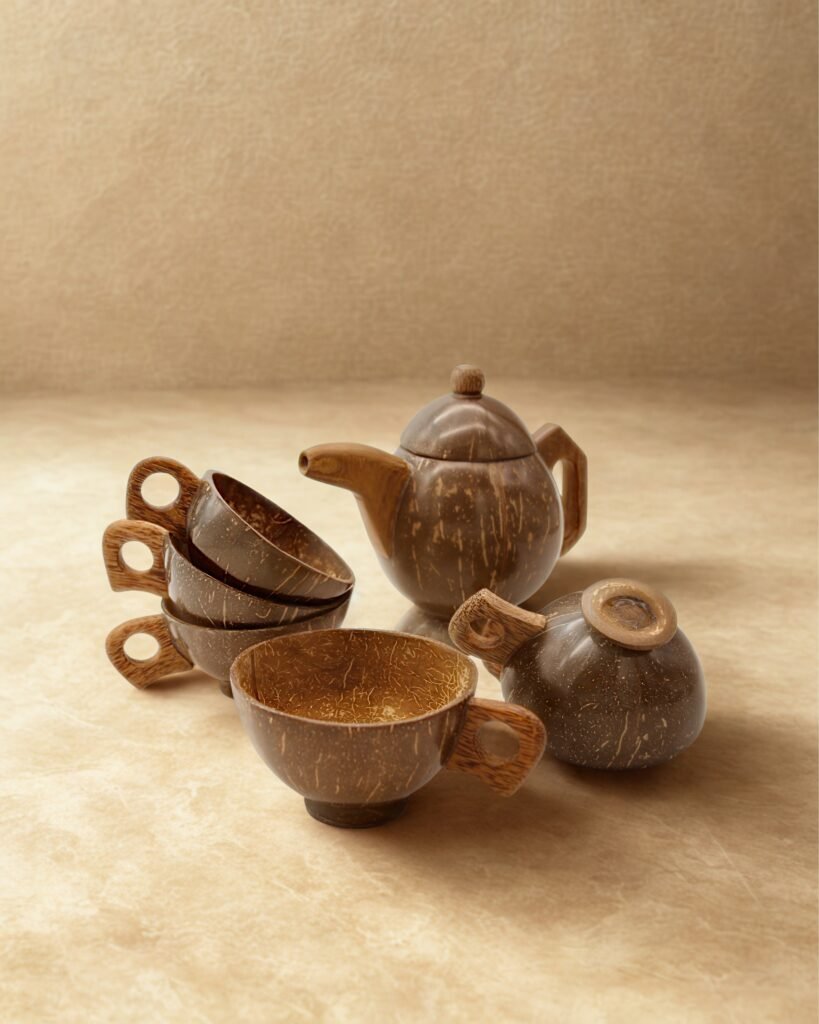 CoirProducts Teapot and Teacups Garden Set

§

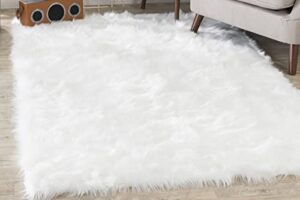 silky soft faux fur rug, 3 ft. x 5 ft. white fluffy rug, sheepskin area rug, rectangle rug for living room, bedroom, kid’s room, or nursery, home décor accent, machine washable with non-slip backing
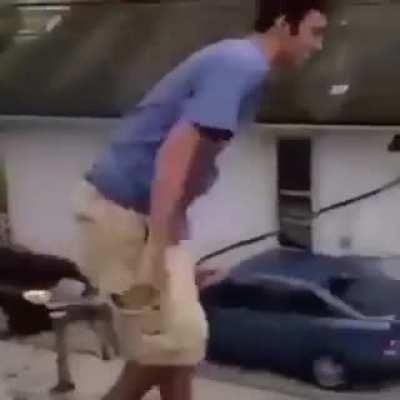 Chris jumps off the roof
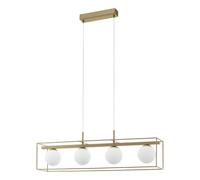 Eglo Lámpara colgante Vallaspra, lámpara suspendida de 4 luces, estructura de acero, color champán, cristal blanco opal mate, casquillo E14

§

WORK ORDER:
Copy only what lies between the line with "Chris jumps off the roof" and the line with "Eglo Lámpara colgante", those two lines included, exactly as given above; pictures stay out.

ANSWER SECTION:
 Chris jumps off the roof
 Eglo Lámpara colgante Vallaspra, lámpara suspendida de 4 luces, estructura de acero, color champán, cristal blanco opal mate, casquillo E14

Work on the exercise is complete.